◆ Records shown
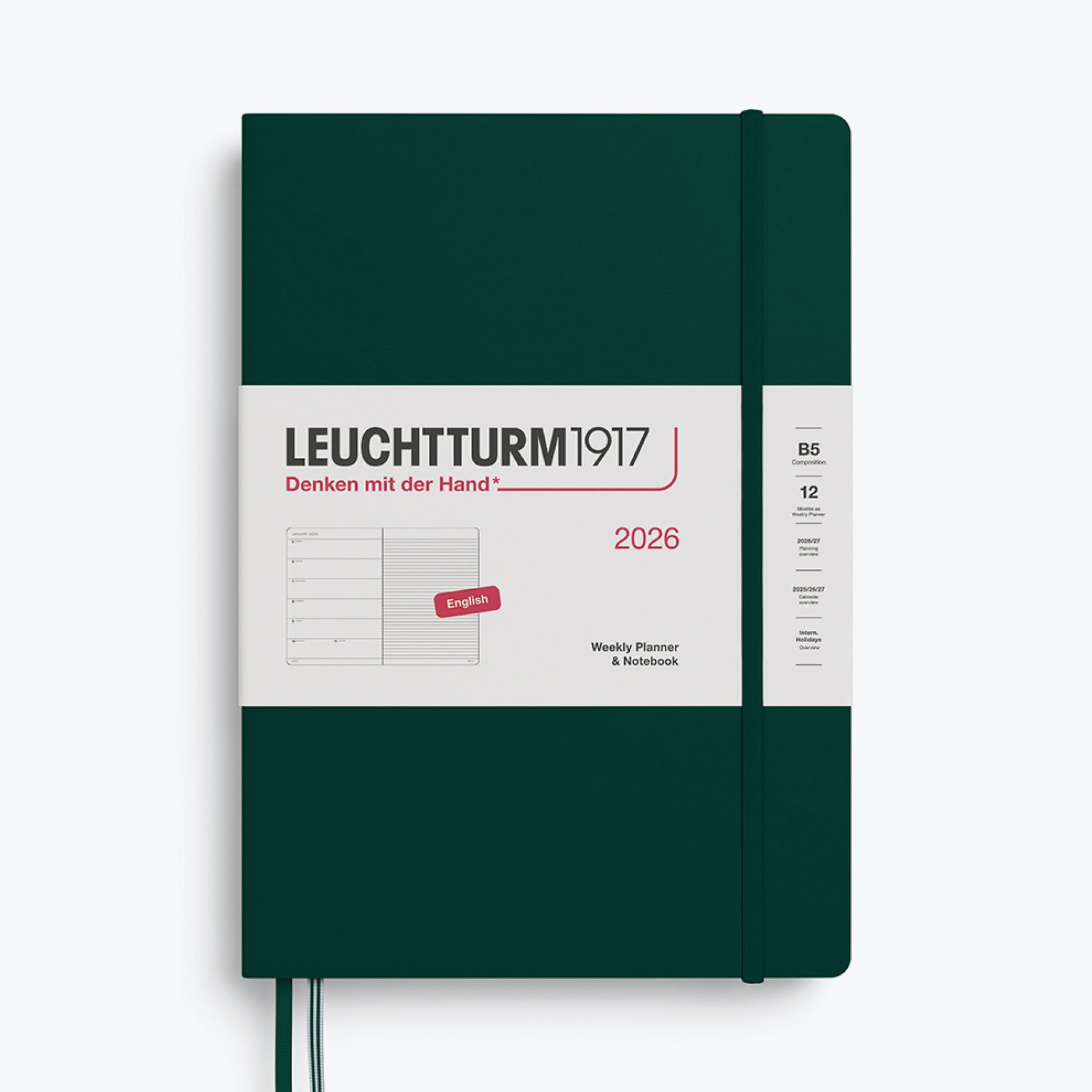 Leuchtturm1917 - 2026 Diary - Weekly Notebook - B5 - Forest Green
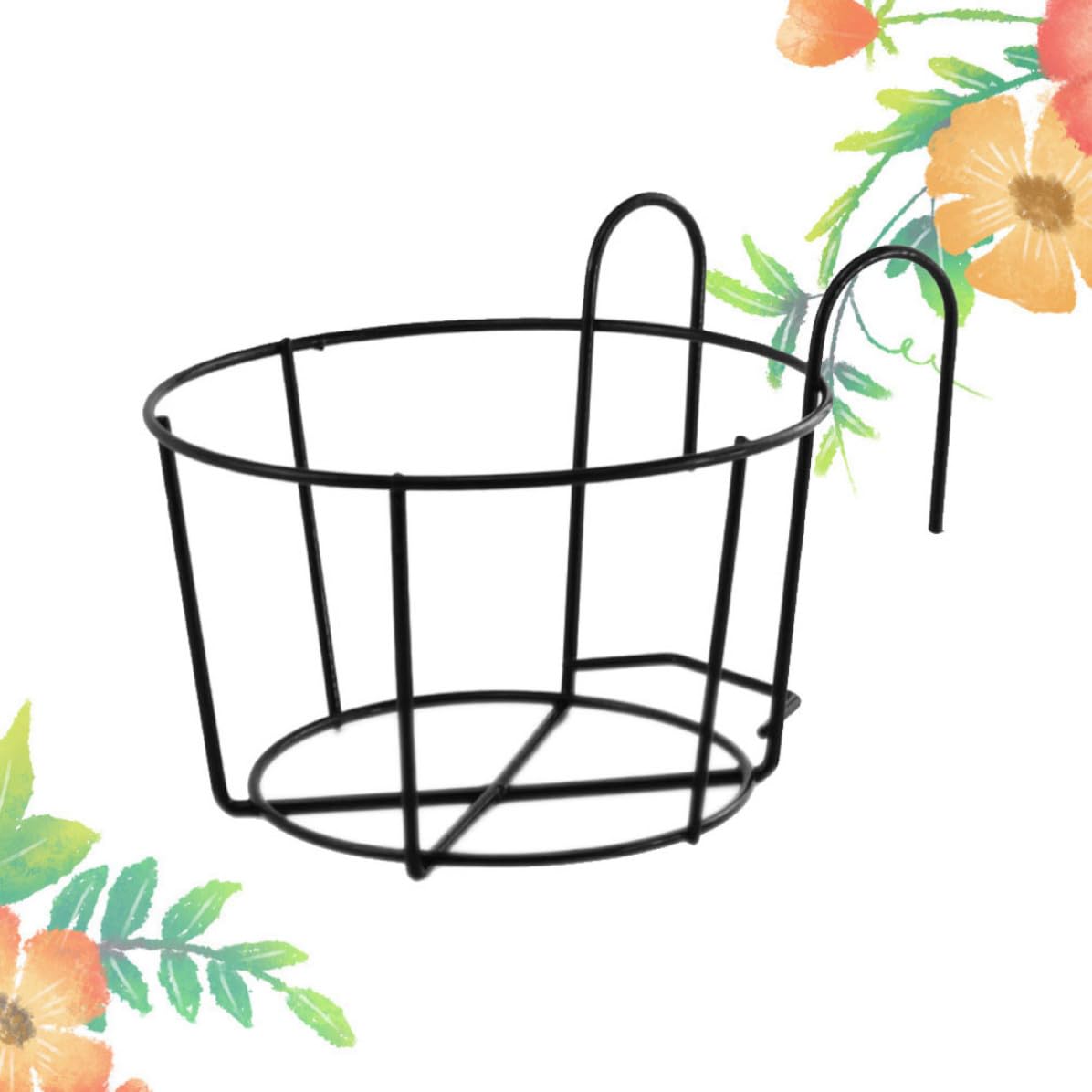 Fioriera rotonda da parete in ferro battuto da 25 cm, elegante supporto da appendere per interni ed esterni, decorazione da giardino e balcone, accessorio durevole per la casa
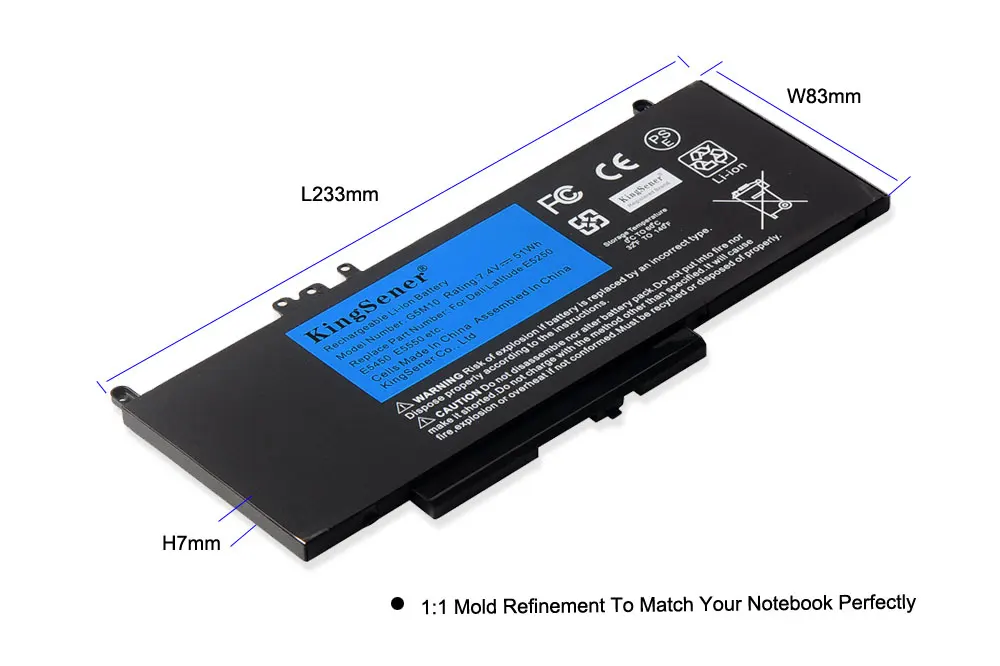 Kingsener-bateria do Portátil para Dell Latitude E5250 E5450 E5550 Série 8v5gx R9xm9 Wyjc2 1ky05 G5m10 7.4v 51wh - Imagem 6
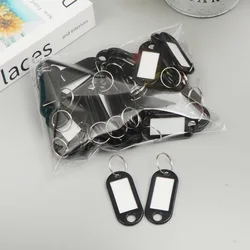 Durable Plastic Key Tags with Split Ring and Label Window for DIY Keychains and Luggage (Black)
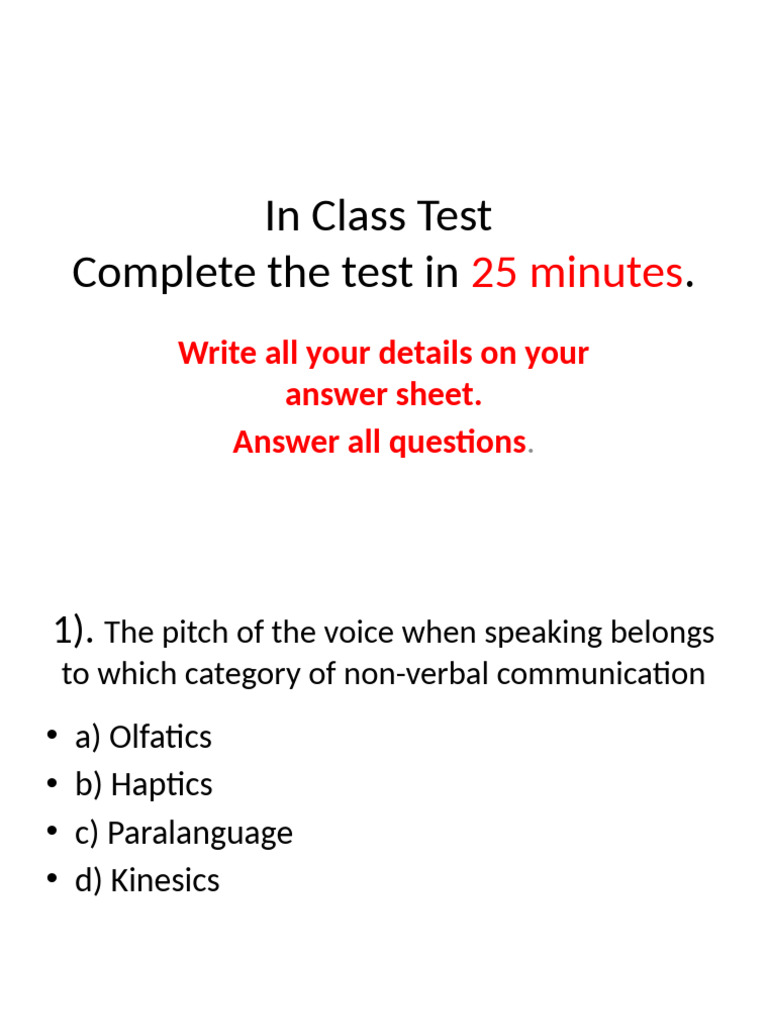 Non-Verbal Communication Test Questions | PDF | Communication | Human ...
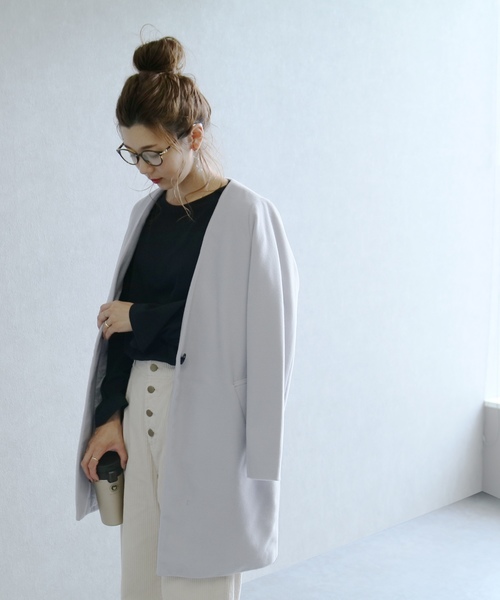 reca（レカ）の「ノーカラーチェスターコート（チェスターコート・レディース・ライトグレー/杢グレー/ブラック/ピンク系その他/キャメル/ネイビー/グレー系その他・M）」の16枚目の写真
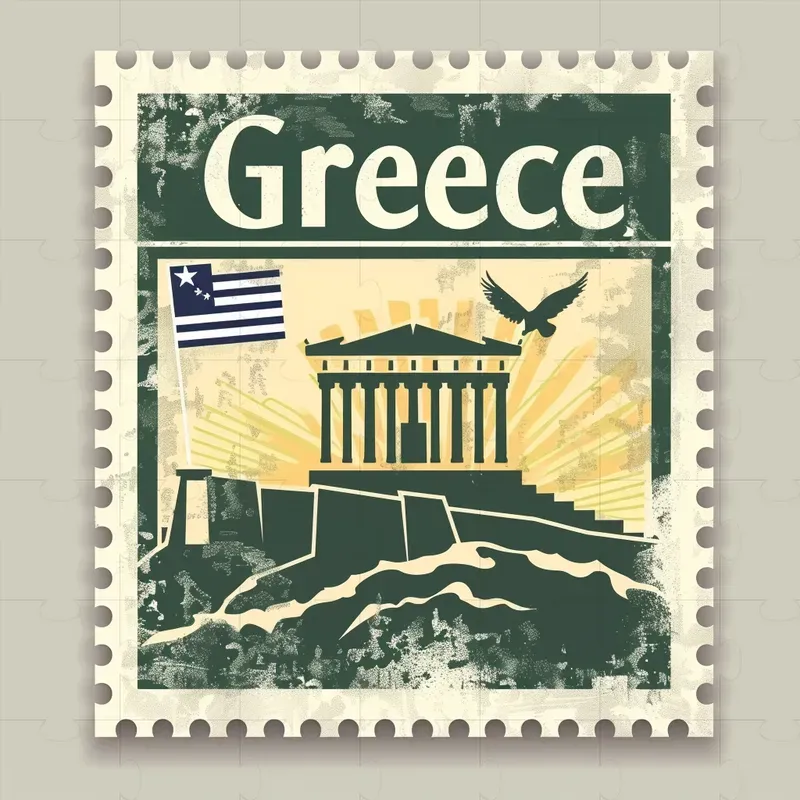 Vintage Postage Stamps Vector Clip Art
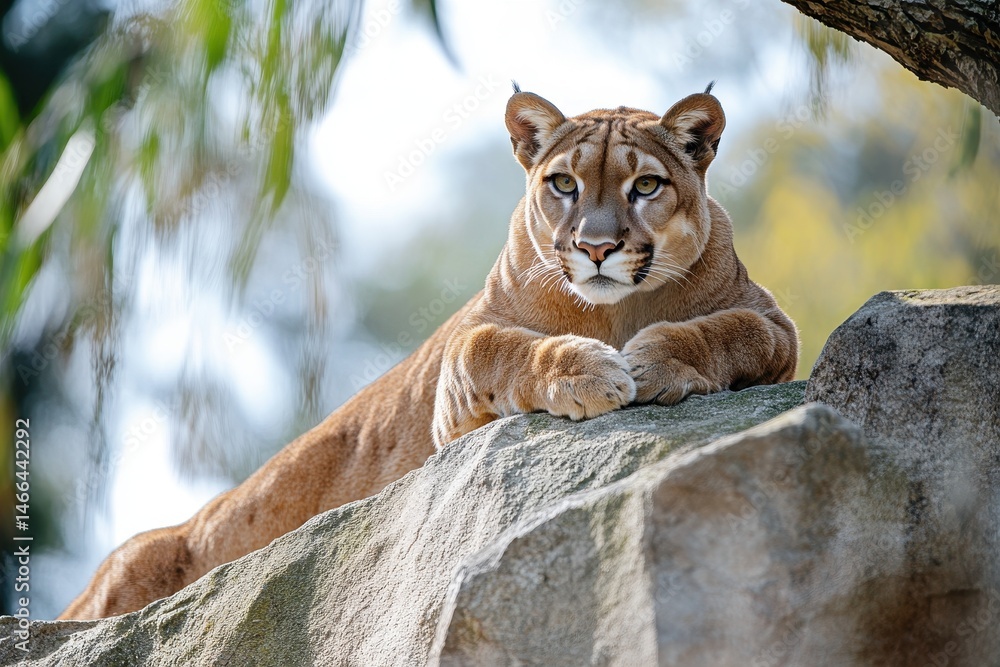 Obraz premium Lion Cougar. Isolated on White Background. Mountain Wildlife in Nature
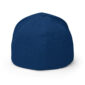 Back view of a blue baseball cap.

◆ Assigned task
Your task is to set down exactly the lines that run from the line holding "Vintage Postage Stamps Vector Clip Art" through the close of the entries, including both ends. Pictures stay out.

◆ Written solution
 Vintage Postage Stamps Vector Clip Art
 Obraz premium Lion Cougar. Isolated on White Background. Mountain Wildlife in Nature
 Back view of a blue baseball cap.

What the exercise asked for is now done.